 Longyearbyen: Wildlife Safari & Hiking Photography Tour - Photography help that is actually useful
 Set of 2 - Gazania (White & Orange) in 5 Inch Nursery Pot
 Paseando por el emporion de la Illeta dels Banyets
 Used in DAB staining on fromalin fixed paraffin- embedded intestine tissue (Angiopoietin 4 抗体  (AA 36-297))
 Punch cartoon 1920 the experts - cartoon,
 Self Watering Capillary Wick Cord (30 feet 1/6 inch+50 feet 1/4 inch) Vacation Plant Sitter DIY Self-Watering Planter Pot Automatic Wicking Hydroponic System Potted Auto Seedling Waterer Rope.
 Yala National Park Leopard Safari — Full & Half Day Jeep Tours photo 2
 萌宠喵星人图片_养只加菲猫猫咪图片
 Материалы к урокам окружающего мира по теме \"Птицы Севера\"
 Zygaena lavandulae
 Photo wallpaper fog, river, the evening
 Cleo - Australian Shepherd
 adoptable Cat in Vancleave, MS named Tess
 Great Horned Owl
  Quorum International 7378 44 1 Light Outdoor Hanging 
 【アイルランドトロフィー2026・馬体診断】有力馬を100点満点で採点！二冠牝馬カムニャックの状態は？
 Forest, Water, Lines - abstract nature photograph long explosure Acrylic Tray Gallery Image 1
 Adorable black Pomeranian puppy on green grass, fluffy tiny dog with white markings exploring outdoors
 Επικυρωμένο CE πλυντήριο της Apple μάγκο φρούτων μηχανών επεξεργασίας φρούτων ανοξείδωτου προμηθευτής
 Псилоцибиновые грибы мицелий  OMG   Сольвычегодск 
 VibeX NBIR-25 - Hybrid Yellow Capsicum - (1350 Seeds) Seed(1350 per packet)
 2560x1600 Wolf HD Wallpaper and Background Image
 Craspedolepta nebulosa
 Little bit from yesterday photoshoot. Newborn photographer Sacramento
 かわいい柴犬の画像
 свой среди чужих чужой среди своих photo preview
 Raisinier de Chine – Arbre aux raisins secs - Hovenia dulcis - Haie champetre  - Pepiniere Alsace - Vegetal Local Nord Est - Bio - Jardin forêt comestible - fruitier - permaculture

────────────────

Nothing but a number belongs in the answer: the tally of lines in the data holding "Image".

2